----- The input -----

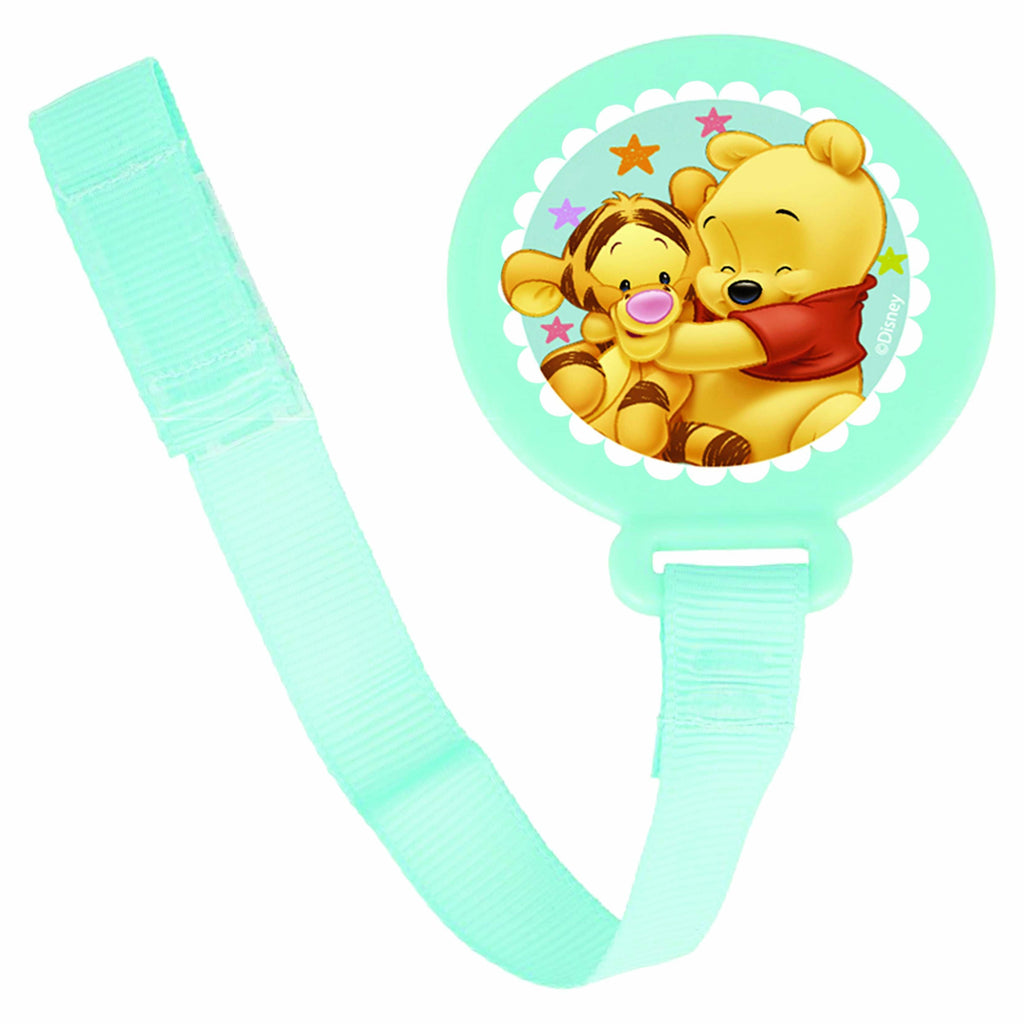 Disney Baby Pacifier Holder In Blister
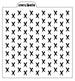 Scribbles Collection 5 Stencil Designs - SVG FILE ONLY
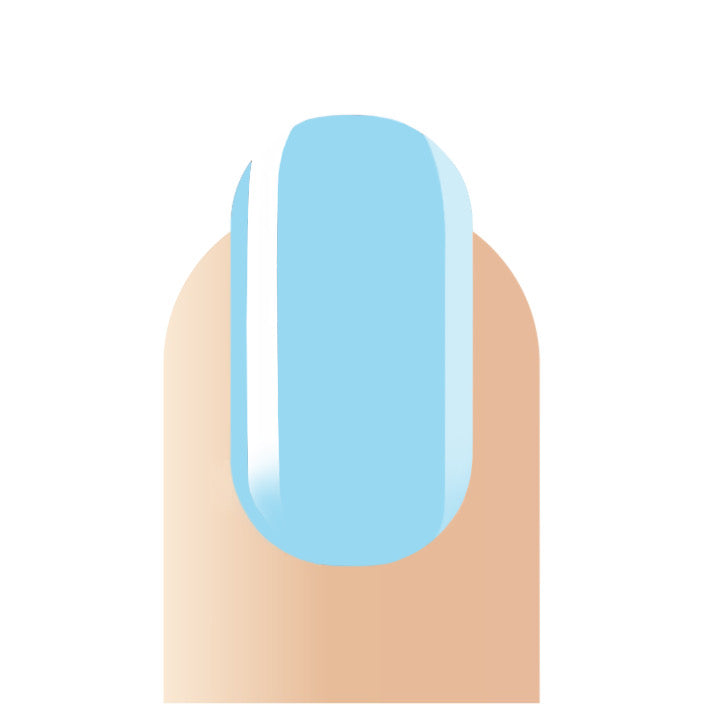 Boro "Azure Sky" Nr.12 gelelakk 15ml.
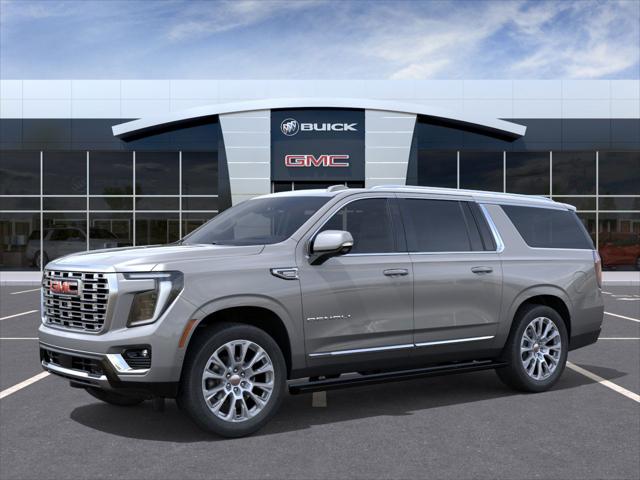 2025 GMC Yukon XL 4WD Denali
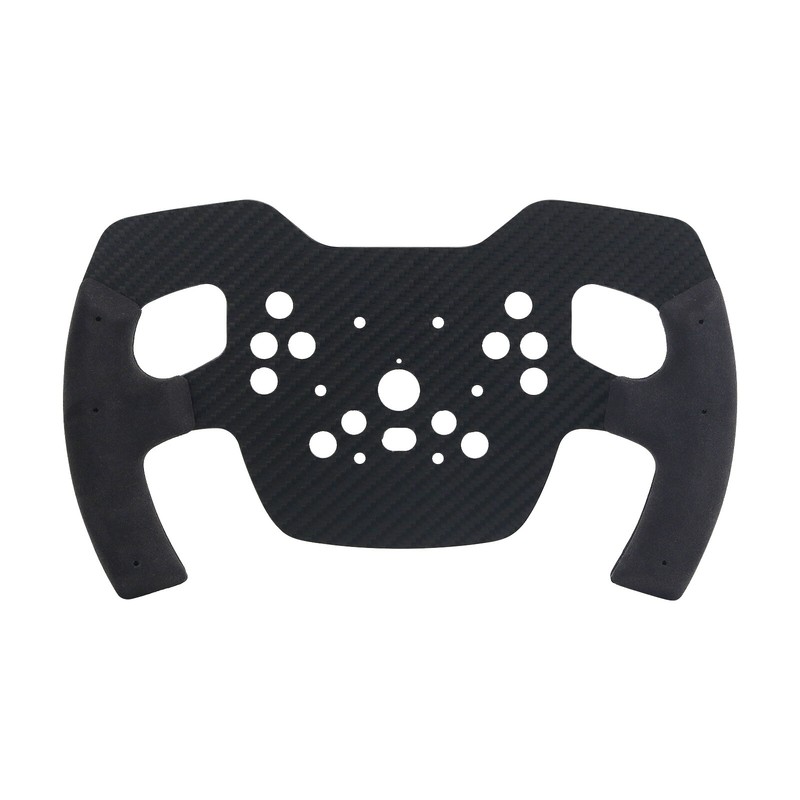 SIMPUSH SIM PC Racing Steering Wheel Suede Handle Gaming Accessory for PXN V10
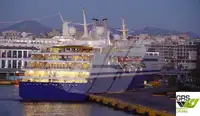 Kreuzfahrtschiff zu verkaufen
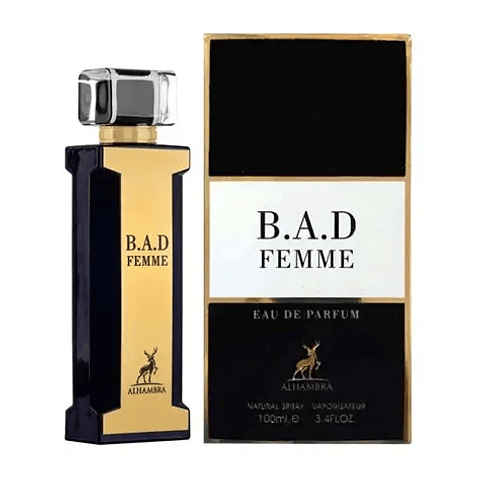 Perfume B.A.D Femme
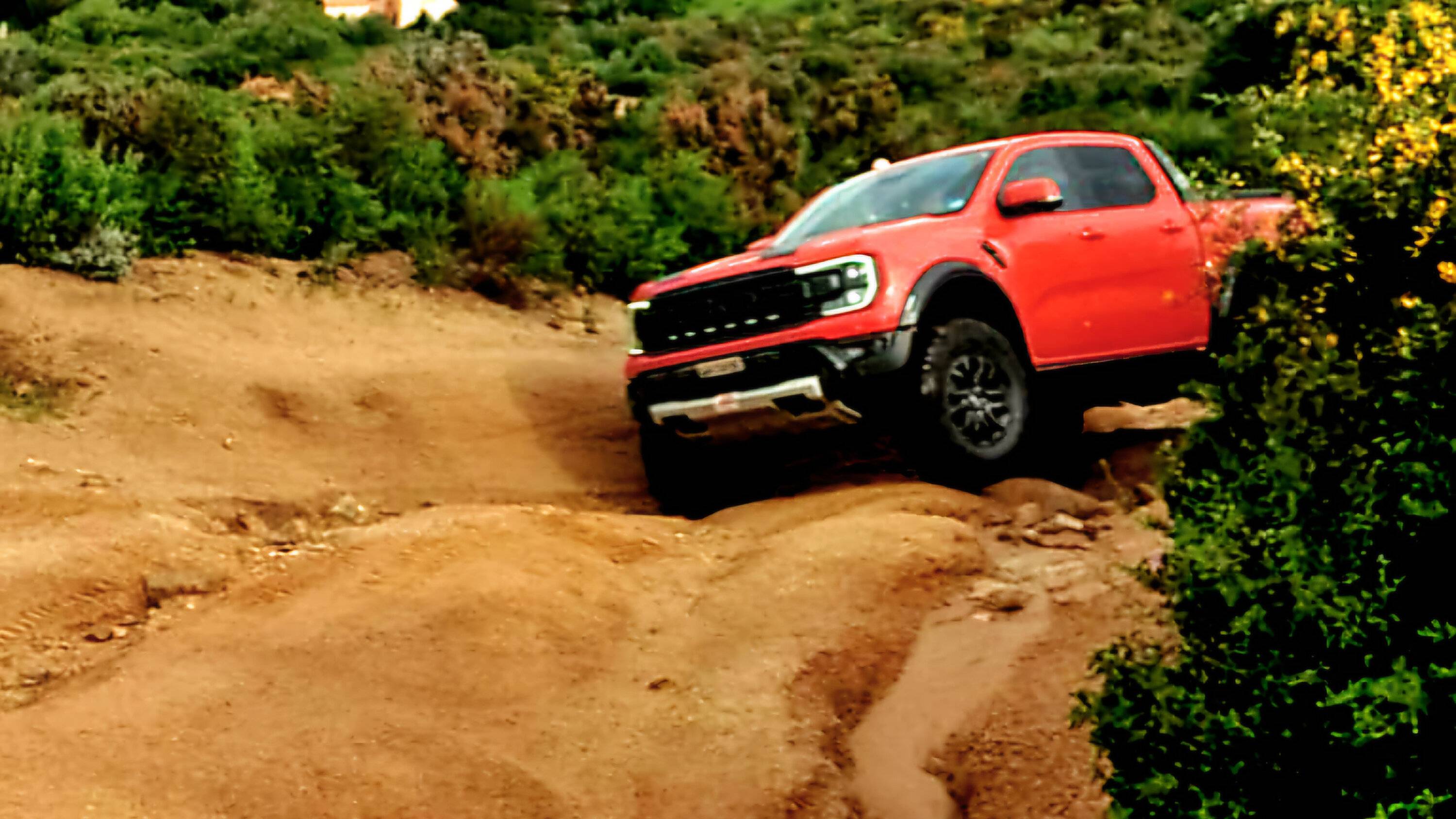 Ford Ranger Offroad on Corsica! IMG-20250329-WA0048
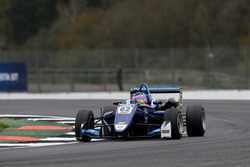 Ferdinand Habsburg, Carlin, Dallara F317 - Volkswagen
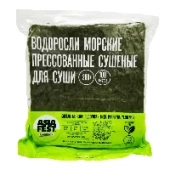 Сушеные морские водоросли нори для суши Porphyra Yezoensis (100 листов), 280 г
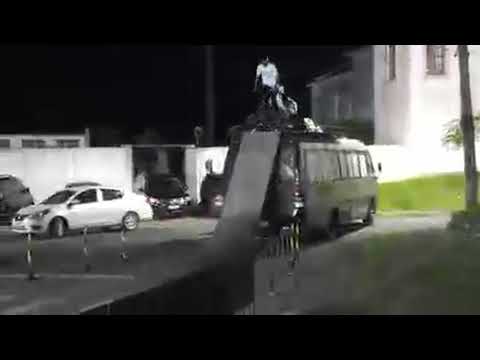 Equipe Show Time BMX Em Antonina 28.2.2026 #Antonina #Paraná 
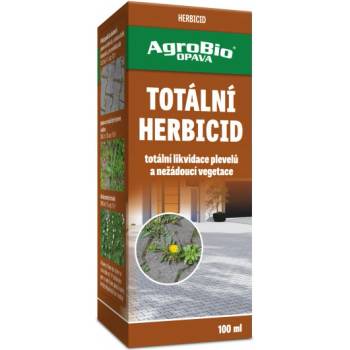 AgroBio Totální herbicid 100 ml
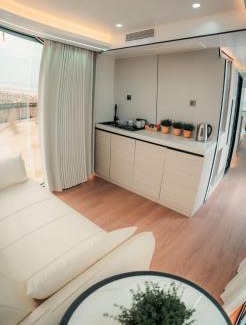 Kazakhstan Hotel | O'MIR glamping этно-отель Актау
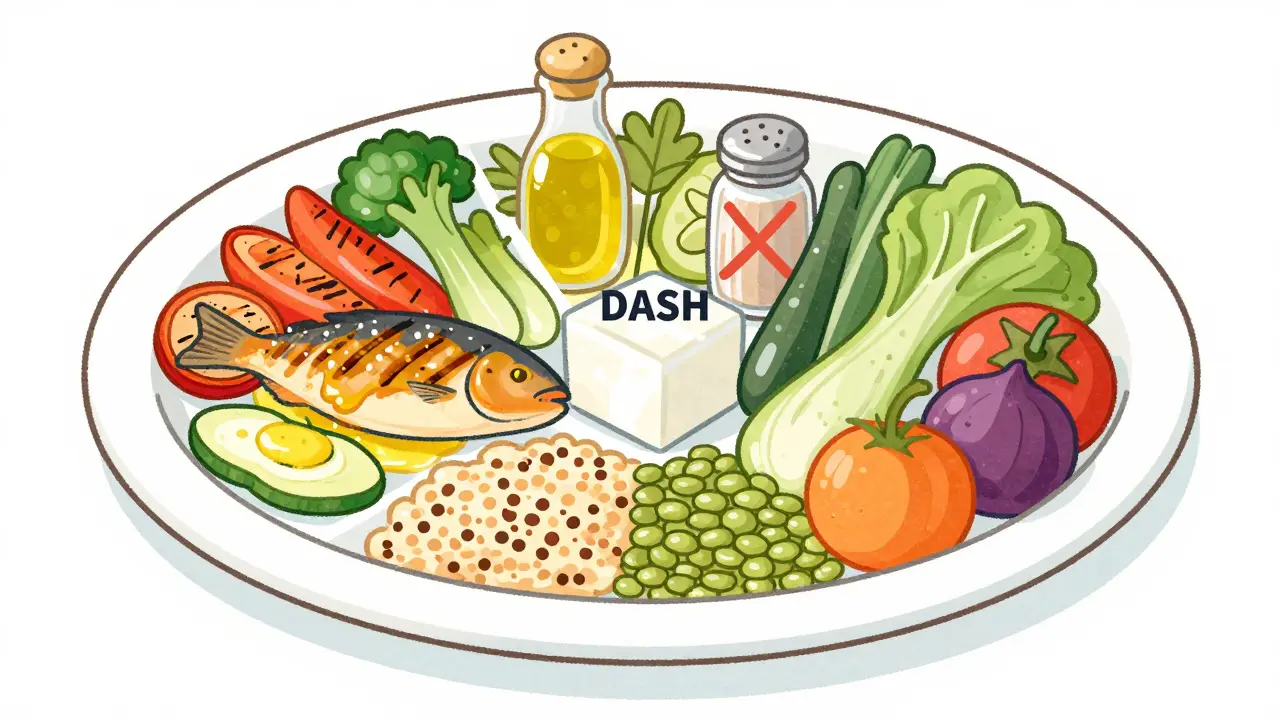 Best Diets for Heart Health: Mediterranean, DASH, and Plant-Forward Eating Explained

-----

### Problem statement
Could you write out again, exactly, the lines from the line containing "AgroBio Totální herbicid 100 ml" through the last line of the records above? Leave out the pictures.

### Answer area
 AgroBio Totální herbicid 100 ml
 Kazakhstan Hotel | O'MIR glamping этно-отель Актау
 Best Diets for Heart Health: Mediterranean, DASH, and Plant-Forward Eating Explained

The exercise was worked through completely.